Uma passagem de quatro anos (intercalada por licenças para treinar a Seleção),
que resultou na montagem do time Tricampeão Estadual e Campeão Brasileiro. Mas
que sucumbiu ao desgaste do tempo.
Substituir Coutinho
é o primeiro desafio da nova Diretoria, eleita para assumir o clube no próximo
biênio. Ainda tomando pé das coisas do clube (tarefa facilitada pela
continuidade proporcionada pela manutenção do mesmo grupo político no comando),
opta-se pela efetivação de um velho conhecido. O paraguaio Modesto Bría.
1 – QUEM É
Pode-se dizer que
Bría é um estrangeiro “da casa”. Brilhante centro-médio (volante) da equipe
tricampeã em 42-43-44, jamais se desvinculou do Flamengo após pendurar as
chuteiras, sendo utilizado na Comissão Técnica dos profissionais ou das
Divisões de Base, onde se radicou. Com esse perfil, tornou-se a indicação
natural para assumir o comando técnico da equipe em momentos de hiato. Foi
treinador, efetivo ou interino, do rubro-negro em 1959/60, 1967 e 1971. Assim,
surge como a perfeita “solução-tampão” para a função, enquanto o clube define
suas diretrizes.
Modesto Bría assina
por quatro meses, até 30 de abril. A idéia é mantê-lo no comando da equipe
durante toda a disputa do Campeonato Brasileiro, cujo objetivo, naturalmente, é
a conquista do Bicampeonato. Caso desenvolva um bom trabalho, a Diretoria acena
com a possibilidade de extensão do vínculo, aí já tendo em vista os desafios do
Segundo Semestre, no caso a Libertadores e o Estadual.
3 – ELENCO À
DISPOSIÇÃO
Bría dispõe
basicamente do mesmo plantel que terminou a temporada anterior. O ponta de
lança Lico, pouco aproveitado por Coutinho, é emprestado ao Joinville e
retornará apenas em junho. Para seu lugar o Flamengo traz Peu, revelação do CSA
de Alagoas, que já chega com a responsabilidade de emular a trajetória de um
antigo ídolo, Dida. Peu vem por empréstimo de um ano.
No entanto, o
rubro-negro terá três importantes baixas nas duas fases iniciais da competição.

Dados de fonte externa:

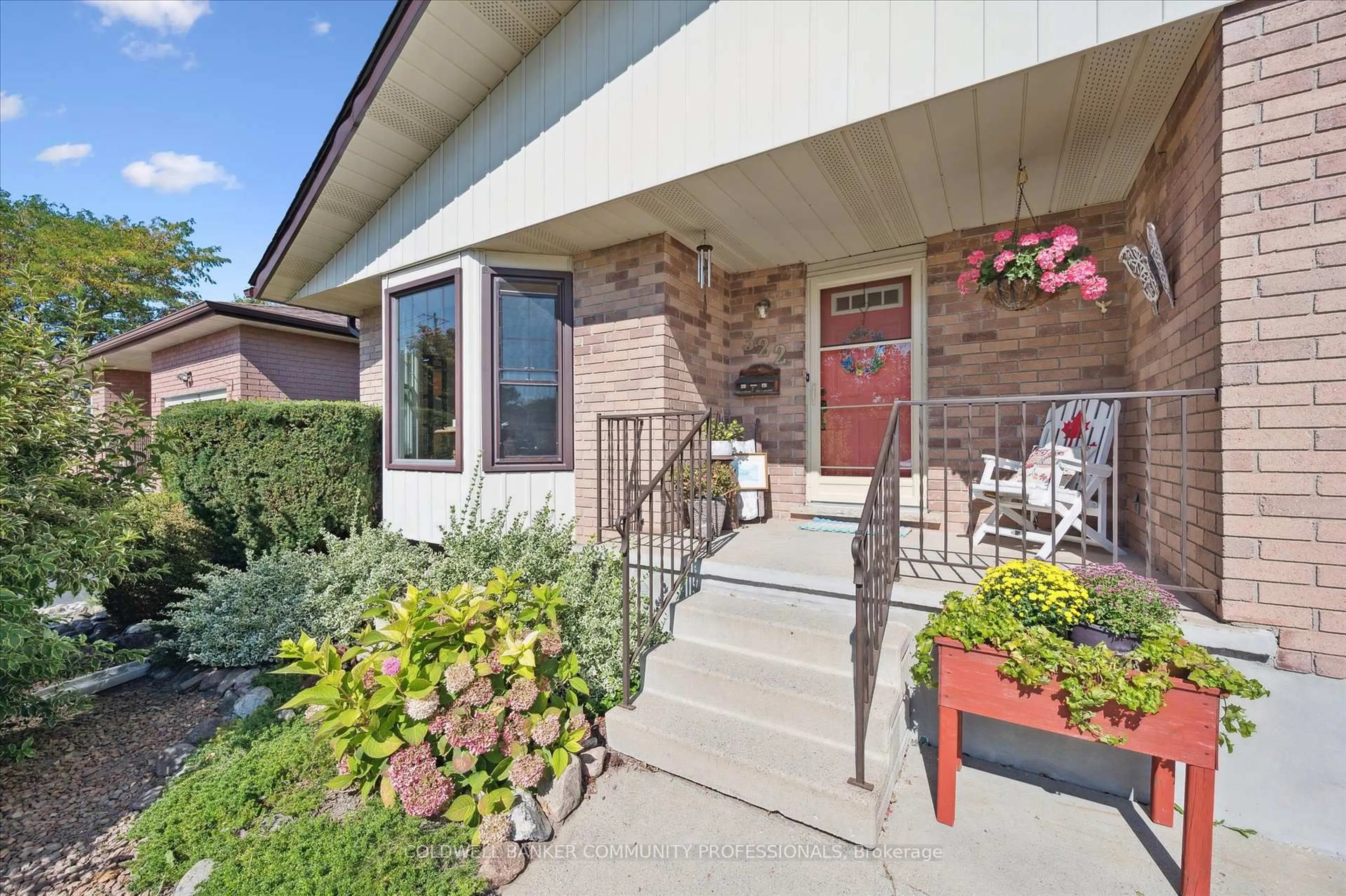 Home with brick exterior material, street for 322 Conservation Dr, Waterloo Ontario N2V 1V3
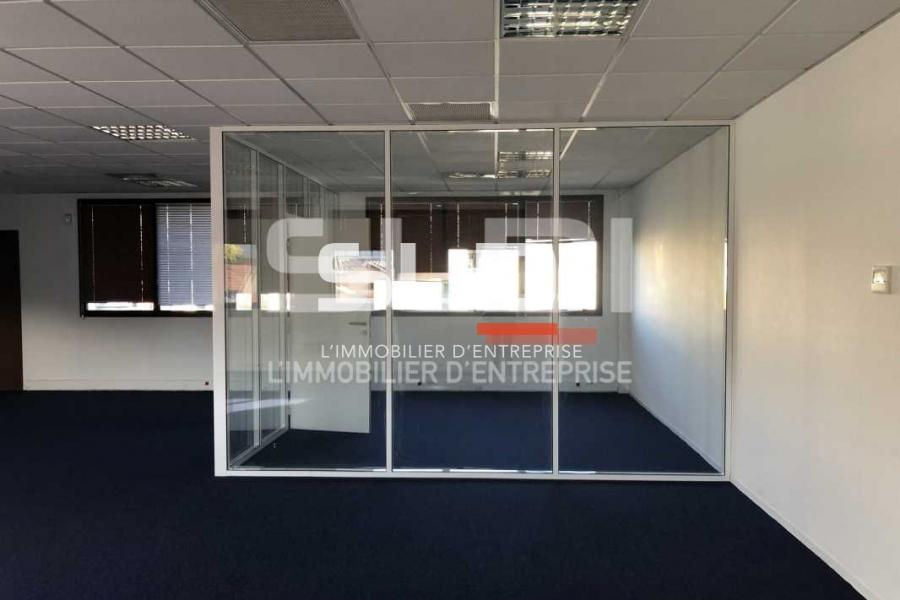 Bureaux A LOUER - VILLEURBANNE - 200 m²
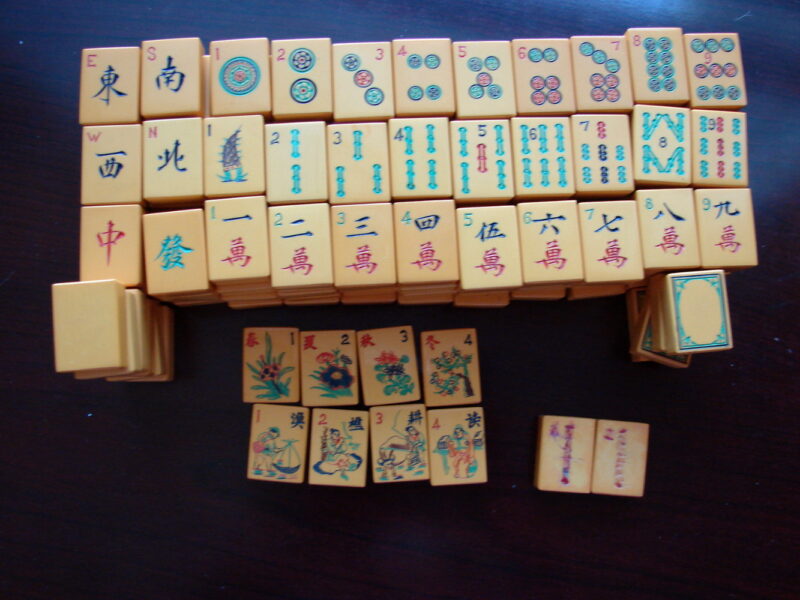 Vintage Mah-Jongg Butterscotch Bakelite Tile Game 5 Racks Case w/ Key, Moose-R-Us.Com Log Cabin Decor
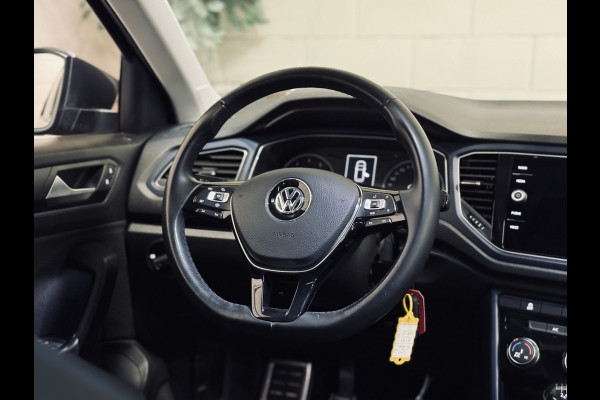 Volkswagen T-Roc 1.0 TSI United | 17" | Panorama | CarPlay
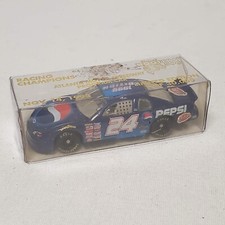 1994 Racing Champions Hooters 500 Atlanta Motor Speedway Program Car 1:64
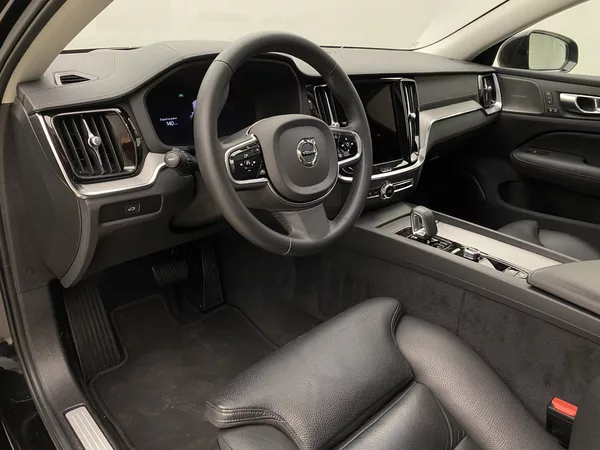 Volvo S60 B5 AWD DARK ULTIMATE AUT CZ - foto 4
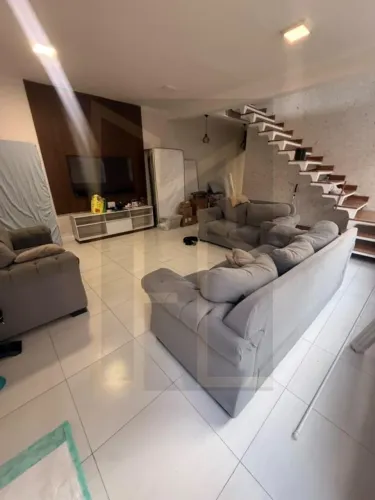 Casa para Locação em Itaquaquecetuba, Jardim dos Buritis, 3 dormitórios, 2 banheiros, 1 va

Os três principais jogadores da equipe, Zico, Júnior e Tita, estão servindo à
Seleção, envolvida com a preparação e disputa das Eliminatórias para a Copa.
Sem suas estrelas, o Flamengo pensa em aproveitar a Primeira Fase (em que os
jogos são mais fáceis) para dar mais jogo a alguns jovens da base, como os
volantes Vítor e Lino, o ponta-esquerda Edson e os centroavantes Anselmo e
Ronaldo.
Mas há jogadores de
saída, ou quase. Enfrentando severas dificuldades para manter os salários em
dia, a Diretoria vê com bons olhos a venda de algum jogador. O primeiro a ser
assediado é Adílio, que interessa ao Los Angeles Aztecs-EUA (novo clube de
Coutinho, que o indica). O negócio quase sai (Adílio chega a se declarar
“sentindo-se nos States”), mas uma divergência quanto ao pagamento das luvas
aborta a transação. O zagueiro Marinho também é tentado pelo clube americano,
também balança com a proposta, mas recusa sair do Flamengo por um motivo
aparentemente prosaico: sua esposa não quer deixar o país. Por fim, o
ponta-esquerda Júlio César, o “Uri Geller”, que inicia o ano fazendo bons
jogos, é procurado pelo Talleres-ARG. Dessa vez o negócio acontece, e o
irrequieto atacante encerra sua passagem pelo Flamengo, para alívio de uma
Diretoria preocupada com as contas do clube.
Outro desafio de
Bría é recuperar alguns jogadores de bom nível que encerraram 1980 em péssima
fase, chegando inclusive a serem barrados por Coutinho. É o caso de Carpegiani,
Rondinelli, Nunes e Fumanchu. E Luís Pereira. Mas, irritado por ver o
experiente zagueiro se reapresentar oito quilos acima do peso, avisa à
Diretoria: “Esse podem vender. Não conto com ele”. Mas o zagueiro é mantido no
elenco. E, em princípio, segue na reserva.
4 – CARACTERÍSTICAS
E PERFIL
De semblante sério
mas de bom diálogo, Bría segue a linha “boleira” e intuitiva. Não costuma
inventar muito nas escalações, embora às vezes opte por algumas improvisações
extravagantes. Precisa que os jogadores “corram pra ele”, para que seus
esquemas, normalmente pouco sofisticados, funcionem. Um ponto fraco de sua
linha de trabalho é a disciplina, o que o faz ter dificuldades com jogadores
rebeldes.
5 – NÍVEL DE INFORMAÇÃO
E ATUALIZAÇÃO
Bría acredita que,
tendo sua equipe adestrada a executar o que foi treinado, a imposição pela
capacidade técnica se dará naturalmente. Gosta de fazer o time entrar mais
cauteloso no início das partidas, para “estudar o adversário”, soltando-o
depois de uns vinte ou trinta minutos, agora mais ambientado com a movimentação
da outra equipe.
É adepto da tese, “os outros que devem se preocupar com o
Flamengo”, o que gera situações inusitadas e mesmo pitorescas. Antes da
estréia no Brasileiro, contra o Santos no Maracanã, é perguntado sobre o
adversário: “Dizem que está em um mau
momento. Tomara que seja verdade”. Em Manaus, antes de uma partida contra o
Nacional local, exibe desconcertante sinceridade, “Eles ganharam do Cruzeiro, não é? Então devem ter um bom time”.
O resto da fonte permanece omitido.